Restructure base85 unit tests to support inlining and multiple encoding pathways
ClosedPublic
Actions

Authored by epriestley on Apr 25 2018, 2:33 PM.

Details

Reviewers

amckinley

Maniphest Tasks

T13130: Plans: 2018 Week 17/18 Bonus Content

Commits

rARCbcab677a7a8c: Restructure base85 unit tests to support inlining and multiple encoding pathways

Summary

Ref T13130. I want to take a crack at improving performance here, but two possible approaches (inlining the actual encoding; using integers if they're big enough) aren't easy to test right now.

Restructure the tests so they can support these kinds of refactoring.

The "32bit" and "64bit" modes currently do the same thing, but I expect to introduce introduce separate encoding pathways in a future change, if the profiler says it actually helps.

(I'll hold this and everything that comes after it until I make meaningful performance improvements.)

Test Plan

Ran arc unit, got passes on tests.

Diff Detail

Repository

rARC Arcanist

Lint

Lint Not Applicable

Unit

Tests Not Applicable

Event Timeline

epriestley created this revision.Apr 25 2018, 2:33 PM

Harbormaster completed remote builds in B20229: Diff 46420.Apr 25 2018, 2:33 PM

epriestley requested review of this revision.Apr 25 2018, 2:33 PM

epriestley mentioned this in D19408: Slightly improve base85 performance for 64-bit systems.Apr 25 2018, 4:30 PM

epriestley mentioned this in T2312: Modifying PHP.Apr 25 2018, 4:31 PM

Why do all the lines in the expect files start with z now?
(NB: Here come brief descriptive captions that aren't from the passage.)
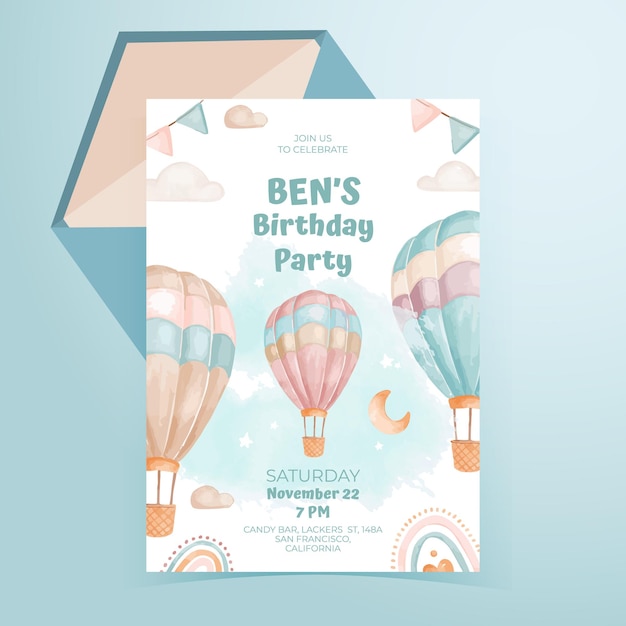 Vector cartel de fiesta de cumpleaños infantil acuarela de vector para niños con lindos globos boho, arco iris, banderas y nubes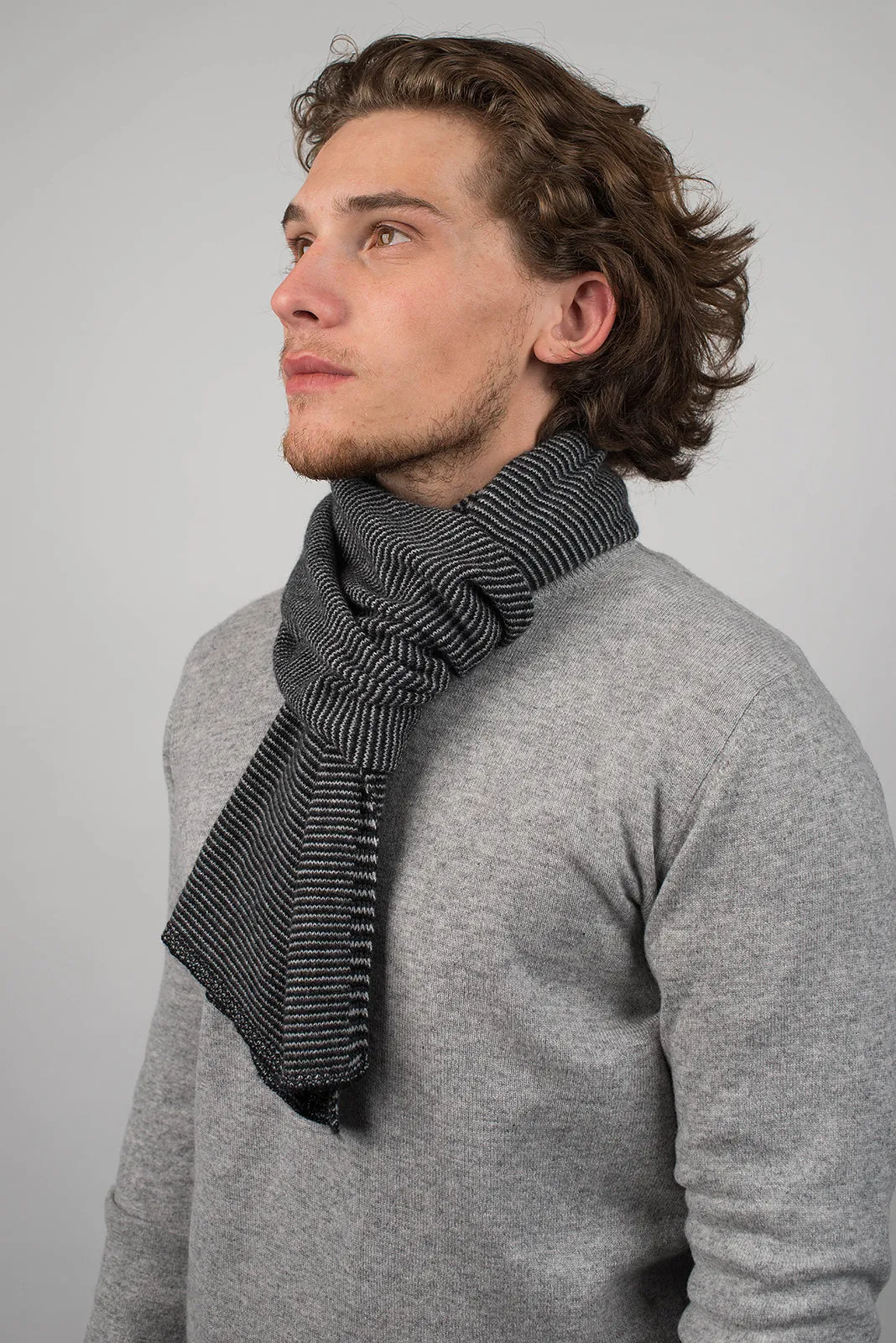 Sciarpa multi righe 100% Cashmere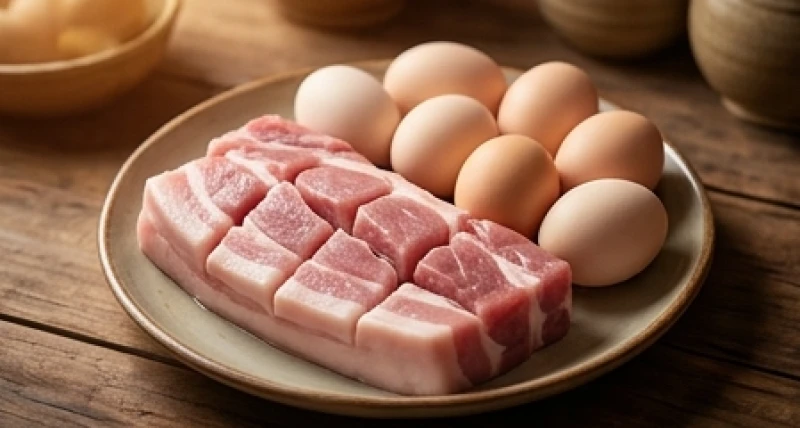Đĩa thịt lợn sống khía thành 5 phần cùng 5 quả trứng vịt nguyên vỏ chuẩn bị dâng lên ban thờ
src/parser/__tests__/ArcanistBundleTestCase.php
957	My kingdom for an #IFDEF! I googled for a second, and I'm shocked to learn that this is apparently the standard way to detect a 64-bit OS ¯\_(ツ)_/¯

This revision is now accepted and ready to land.Apr 25 2018, 4:57 PM

The "z" just means "this line has 52 more bytes encoded on it". If you look carefully, the last lines in the file actually have a different marker, meaning "this line has (some specific number of bytes smaller than 52) on it" (e.g., "y" = 51, "x" = 50, something like that).

The reason it needs this is that it always produces output in 5-byte chunks, so the output for these inputs is exactly the same:

X<eof>
X\0<eof>
X\0\0<eof>
X\0\0\0<eof>

Say that output is "ABCDE". The encoder will produce something like this:

X<eof>       -> aABCDE
X\0<eof>     -> bABCDE
X\0\0<eof>   -> cABCDE
X\0\0\0<eof> -> dABCDE

The "number of bytes on this line" marker lets the decoder later figure out how many trailing NULL bytes it needs to stick on the end. This is a bit simplified, but I think it's roughly what's going on. The "z" thing is also maybe kind of a checksum to help tell if the file got damaged in transit?
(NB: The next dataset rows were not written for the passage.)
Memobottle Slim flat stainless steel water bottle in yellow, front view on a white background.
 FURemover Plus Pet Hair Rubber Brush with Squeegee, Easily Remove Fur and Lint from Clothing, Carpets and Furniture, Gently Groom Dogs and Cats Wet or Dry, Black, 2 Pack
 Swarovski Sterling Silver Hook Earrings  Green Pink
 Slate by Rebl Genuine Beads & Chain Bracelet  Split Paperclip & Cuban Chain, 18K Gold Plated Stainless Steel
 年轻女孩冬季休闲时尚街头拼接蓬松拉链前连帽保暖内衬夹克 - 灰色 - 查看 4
Before, we were just testing base85($data), but now we're testing kind-of-format-as-a-git-patch(base85($data)) so that I can inline base85() later.

The behavior of kind-of-format-as-a-git-patch(...) is to break the data into 52-character lines, encode them, then stick "z" in front of each of them (if the line has 52 bytes worth of data) or some other character (if it has fewer), so that's why the new stuff is line-wrapped and has a bunch of "z". The actual text should otherwise be the same.
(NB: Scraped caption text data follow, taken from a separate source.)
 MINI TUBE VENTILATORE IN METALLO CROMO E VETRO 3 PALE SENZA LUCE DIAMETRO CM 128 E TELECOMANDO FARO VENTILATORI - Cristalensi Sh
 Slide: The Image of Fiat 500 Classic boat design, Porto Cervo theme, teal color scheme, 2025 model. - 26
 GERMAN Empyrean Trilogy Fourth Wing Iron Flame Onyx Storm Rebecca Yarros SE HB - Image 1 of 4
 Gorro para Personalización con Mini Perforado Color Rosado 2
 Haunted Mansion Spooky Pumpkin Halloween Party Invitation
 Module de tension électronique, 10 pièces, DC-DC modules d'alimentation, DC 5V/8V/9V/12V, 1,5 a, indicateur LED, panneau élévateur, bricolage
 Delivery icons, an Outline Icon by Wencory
src/parser/__tests__/ArcanistBundleTestCase.php
957	We could do something like `define('IS_64_BIT', PHP_INT_SIZE >= 8);` but I'm hesitant to start using `define()` for anything. Or we could do something like `phutil_is_64bit()`, but I think we only do this in ~4 places (two here, two around newsfeed?) and it seems unlikely to break.